Presentear Iemanjá – Outro ritual tradicionalíssimo é presentear a Iemanjá. Como manda a crença, num barquinho, se colocam pentes, flores, perfume, champagne branco, sabonetes, velas brancas ou qualquer outra oferenda. O presente faz com que todos os problemas sejam levados e devolvidos em forma sorte em ondas.
Essas são as mais populares, mas também há quem vire o ano com dinheiro no sapato, outros que andam ao redor da casa carregando uma mala para um ano cheios de viagens.
Outra polêmica que se levanta no fim de ano é a questão de que o Brasil critica religiões afro, mas é só passar revéillon na praia para pular as 7 ondinhas, ritual que invoca Iemanjá. No entanto, para o zelador da Tefima (Tenda Espiritualista Filhos de Maria), o filho de santo Xisto Queiro Júnior, não há porque acusar pessoas de hipocrisia, pois o ritual virou cultura no Brasil.
“Já se tornou cultural, o ritual não é feito somente por comportamento religioso. As pessoas pulam as sete ondas com pensamentos positivos e está tudo certo. A espiritualidade não se divide. Mas é claro que falta conhecimento. O ritual de pular sete ondas iniciou com o Tancredo da Silva Pinto, na década de 1960, na praia de Copacabana. Ele levava o pessoal da casa dela para fazer esse ritual. Quando você pula sete ondas você está em outra vibração, uma vibração de geração, para gerar coisas boas. Mas o ritual se popularizou. Não é hipocrisia”, explica Xisto.

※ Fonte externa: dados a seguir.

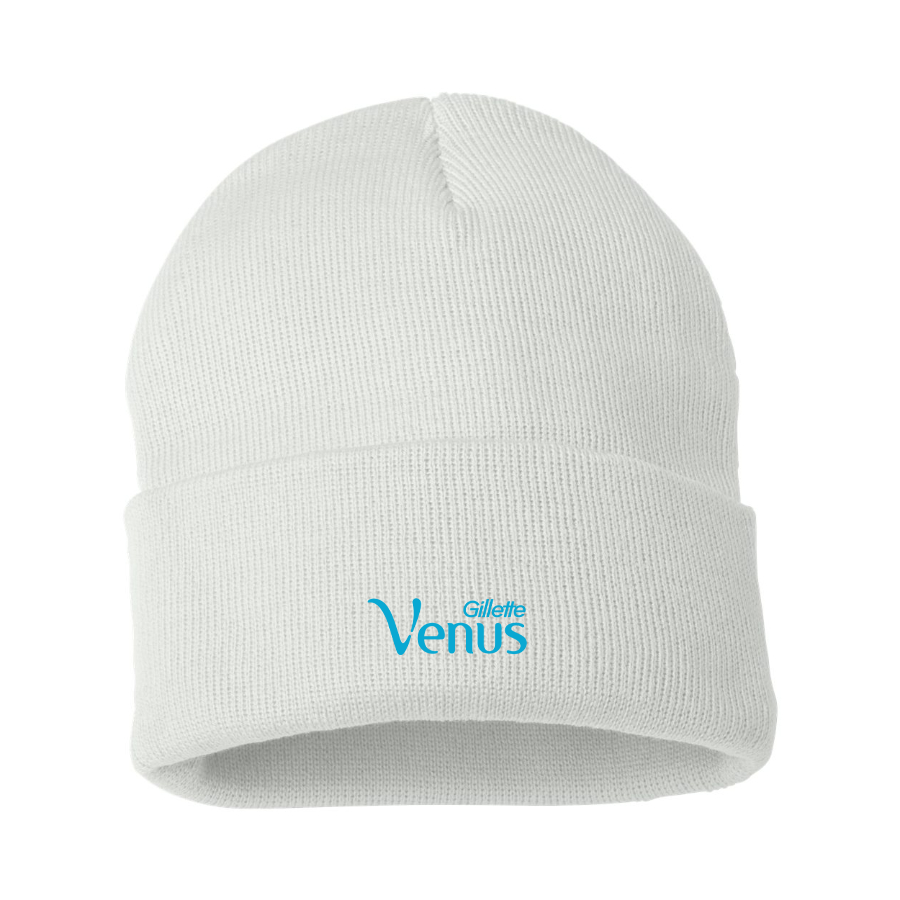 Gillette Venus Logo Beanie Hat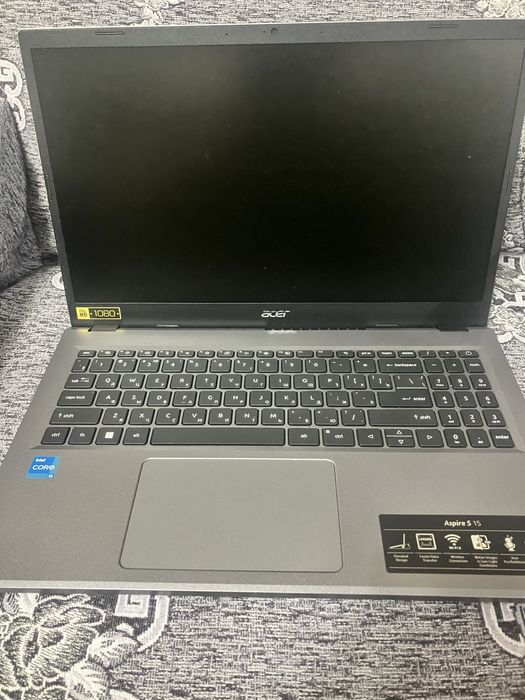 Ноутбук Асер i3 -500gb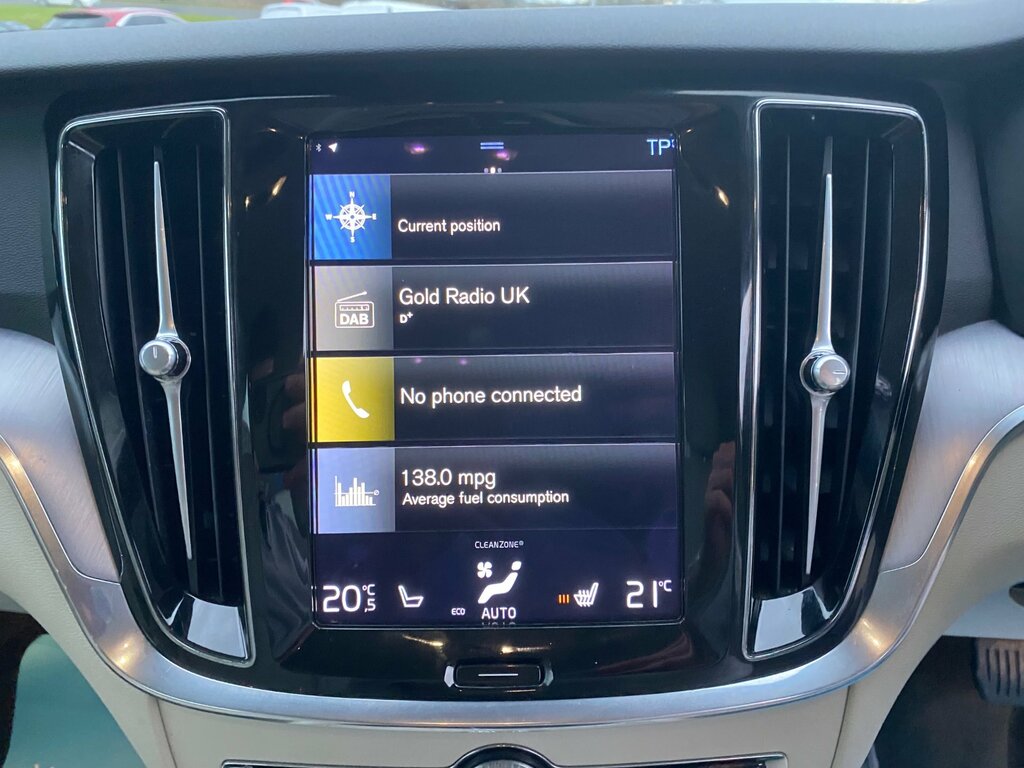 Volvo V60 2L Momentum Plus Grey #19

Presentear Iemanjá e pular sete ondas são rituais. As demais ações entram em simpatias, ações trazidas pelos portugueses e não pelos negros. Muitas coisas se aculturam de tal forma que fogem da religiosidade. A figa por exemplo é da cultura portuguesa. A simbologia era usada nas Cruzadas para ofender os turcos. No entanto, também é utilizada nos terreiros.
“Vale lembrar que as simpatias estão totalmente ligadas ao campo energético. Afinal, o comportamento das pessoas não se altera. Não adiante comer um quilo de lentilha esperando prosperidade, mas não sair de casa para entregar um currículo”, finaliza Xisto.

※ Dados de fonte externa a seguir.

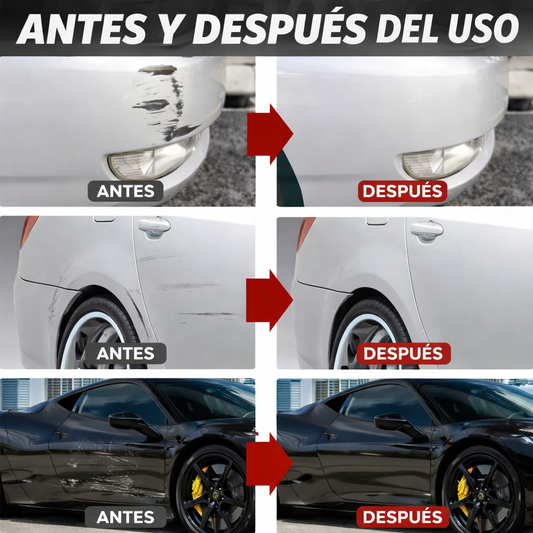 PintáFix - Pintura reparadora instantánea para rayones  | Pack x2 + Envío Gratis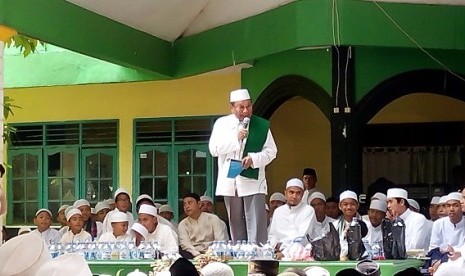 Wakil Ketua DPD RI Farouk Muhammad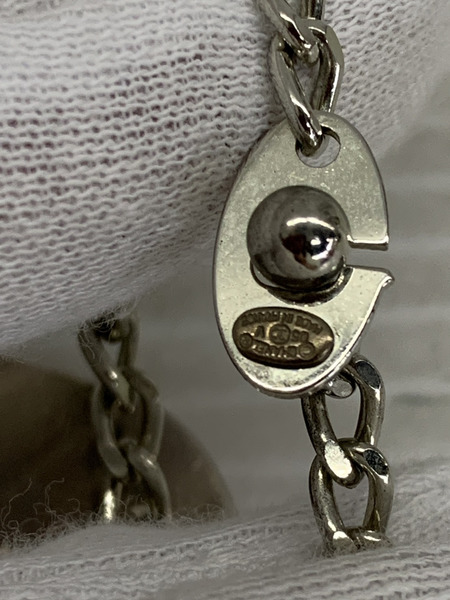 アクセサリー CHANEL ロゴプレートチャーム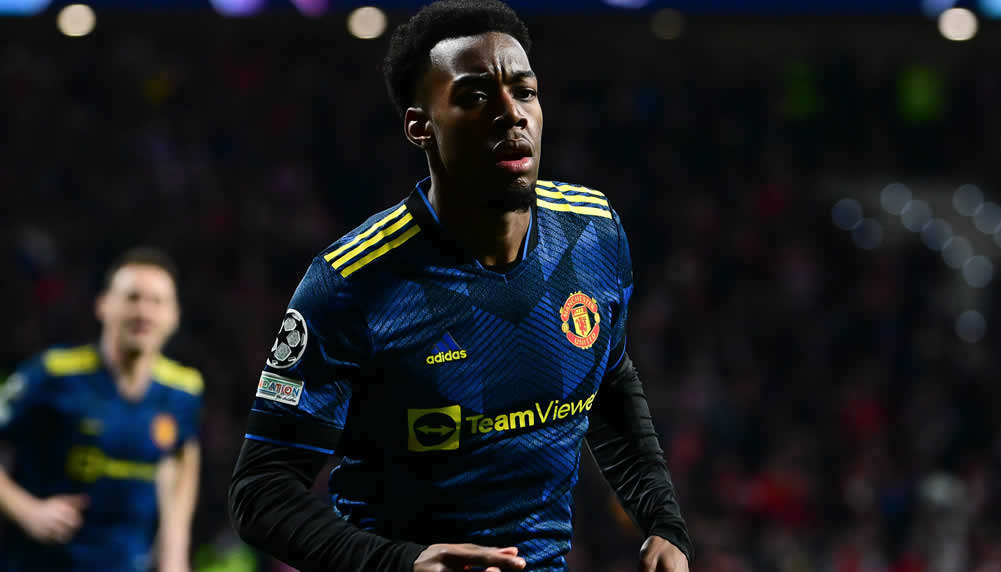 Matchwinner Elanga blieb dank Rangnick bei ManUtd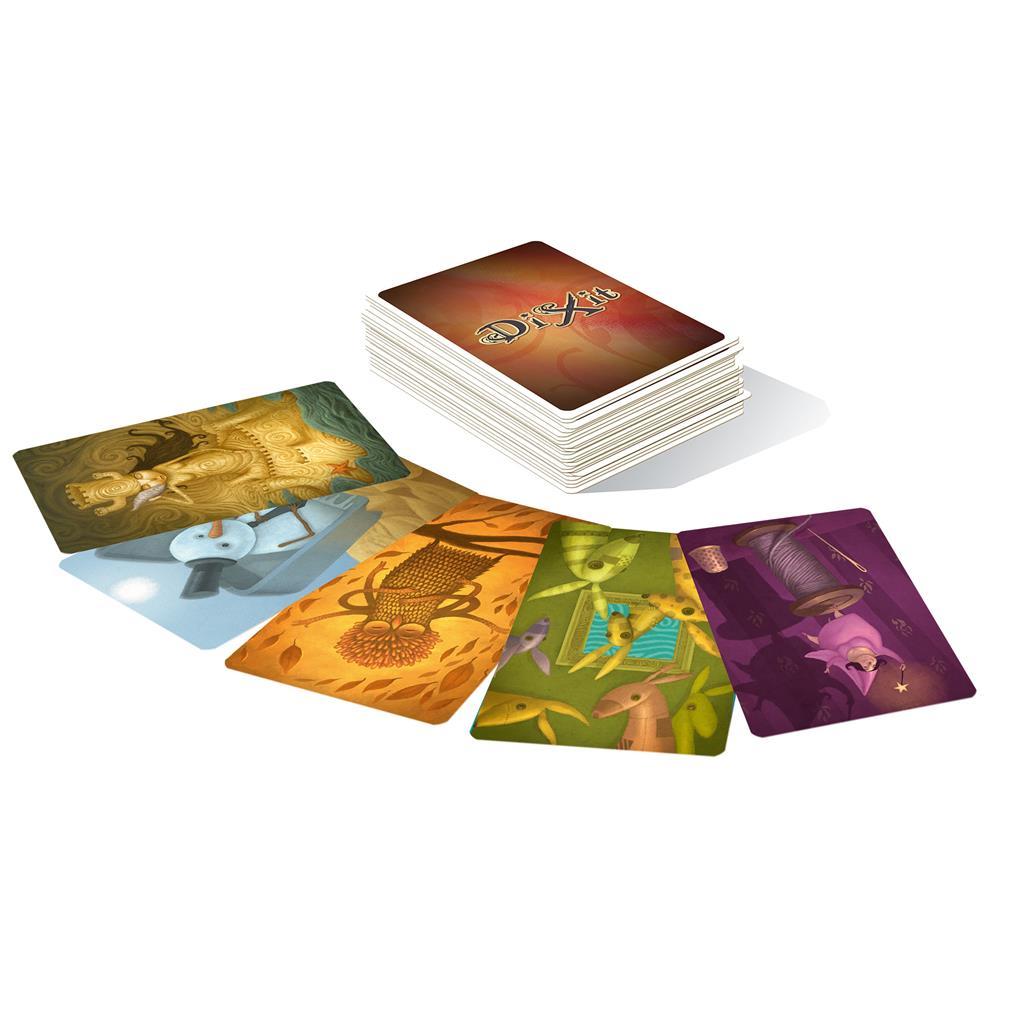 Dixit: Daydreams (Board Game Expansion)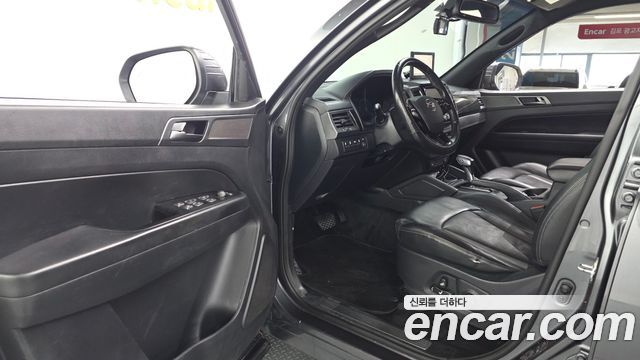 KG Mobility Rexton 2022 — photo 13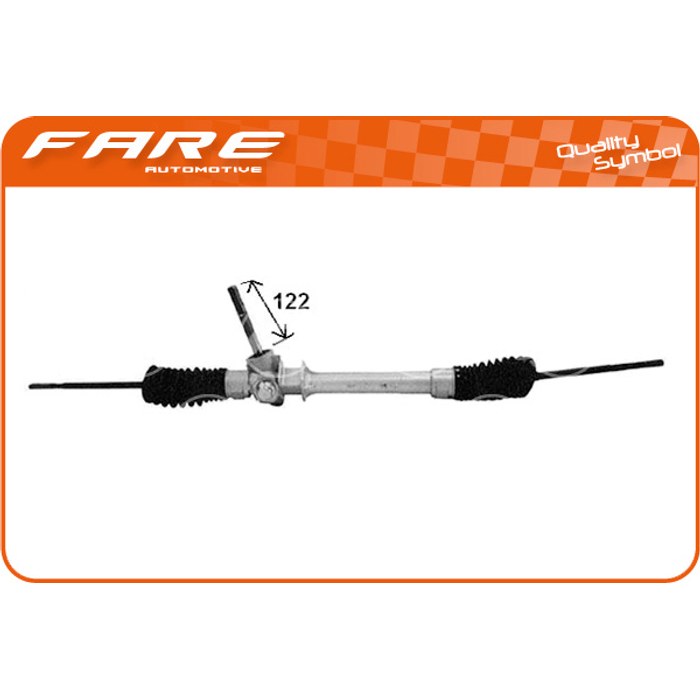 DIRECTION OPEL CORSA — FARE DO002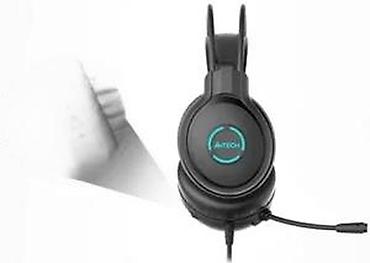 Zvučnici, slušalice i mikrofoni: A4Tech gaming slušalice sa USB priključkom - Tip priključenja: USB — 16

Nas lojas - O barquinho de Iemanjá, por exemplo, é o item mais vendido na loja Artigos Religiosos Luz Divina, neste fim de ano, em Campo Grande. O estabelecimento com 39 anos de história vende todos os tipos de objetos e vestuários usados em trabalhos espirituais.
Segundo o subgerente Luan Alexandre, funcionário da loja há 13 anos, a venda do barquinho só perde para a vela amarela, usada em simpatias para dar dinheiro.

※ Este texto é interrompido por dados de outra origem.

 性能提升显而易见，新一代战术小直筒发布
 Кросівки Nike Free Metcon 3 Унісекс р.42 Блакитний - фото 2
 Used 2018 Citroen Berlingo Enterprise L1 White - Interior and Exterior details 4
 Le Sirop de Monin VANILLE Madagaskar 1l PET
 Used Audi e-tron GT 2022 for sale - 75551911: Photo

Luan explica que ainda há uma classificação de pedidos por gênero. “Normalmente é o homem que busca algo para uma simpatia por dinheiro. Mulher, na grande maioria, busca o amor”, garante o subgerente.
Para quem não estará na praia nesta virada do ano, não precisa ficar triste. Dá para presentear Iemanjá do mesmo jeito. “Normalmente, o pessoal busca rios ou córregos de água corrente para soltar seu barquinho”, finaliza Luan.
A margem de erro da pesquisa citada na matéria é de 3,7 e 4,0 p.p, respectivamente, para um intervalo de confiança de 95%.